System of a Down

 

December 4, 2005

BY JIM DeROGATIS Pop Music Critic
 

System of a Down

 

December 4, 2005

BY JIM DeROGATIS Pop Music Critic
 

SYSTEM OF A DOWN, "HYPNOTIZE" (SONY) ***1/2

 

As if the heavy-metal/art-rock/worldbeat/rap-rock, political/scatological quartet System of a Down wasn't already unique enough, last week the band of Los Angeles-based Armenian Christians made history on Billboard's pop albums chart by scoring their second No. 1 debut in six months, with the final installment of the double album "Hypnotize"/"Mezmerize" following on the heels of Part 1's arrival last spring.

"Hypnotize" adheres to the same Frank Zappa-inspired ethic as "Mezmerize," which is to say that the musical blueprint is such a complicated, everything-and-the-kitchen-sink pastiche of divergent styles that there seems to be no plan or logic at all. But System of a Down's strength is that it can tie together a Middle Eastern folk riff, a hip-hop groove and a burst of thrash metal guitar all in the space of four bars by linking them with an indelible vocal melody or a searing guitar riff. And the riffs on "Hypnotize" are overall stronger than those on its predecessor.

The album still suffers from the band's central shortcoming, however. Its explosions of eloquently voiced political outrage -- most notable here on "Attack" ("Bombs illustrate what we already know/Candles cry toward the sky /Bracing your plants of a polluted coast/Dreaming of the day that/We attack!") and "Holy Mountains" (a protest of the pre-World War I Armenian genocide) -- are undercut by the pointless surrealism or sophomoric potty humor of other tracks such as "Vicinity of Obscenity" ("Liar! Liar! Banana, banana, banana ... terra-cotta pie!") and "She's Like Heroin" ("She wants nothing more/Than to be a little whore"). Musically, these tracks are as gripping as the others, and they deserve a stronger lyrical foundation.

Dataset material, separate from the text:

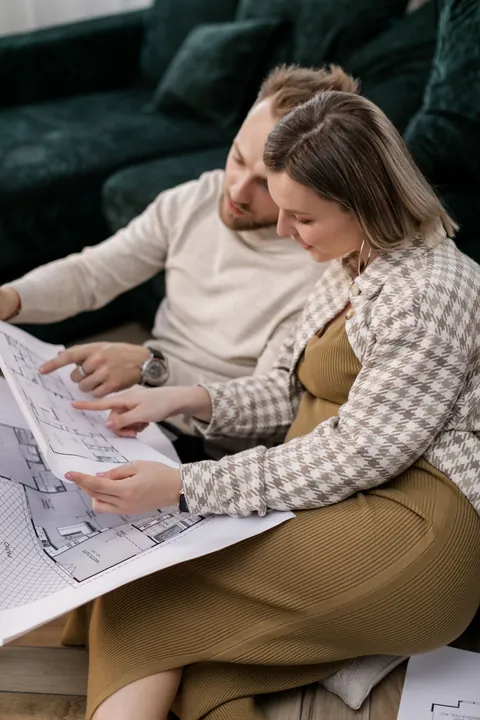 Dwie osoby oglądające rozwinięty projekt budynku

Both of these albums represent a significant creative peak in post-hair metal hard rock, and each is worthy of fans' consideration on its own merits. But combined into one well-edited disc that was all killer, no filler "Hypnotize"/"Mezmerize" would have been a stone-cold classic with a place in the pantheon beside the best of Led Zeppelin, Black Sabbath and Rush. Thankfully, we have home editing and CD-burning software to do exactly that.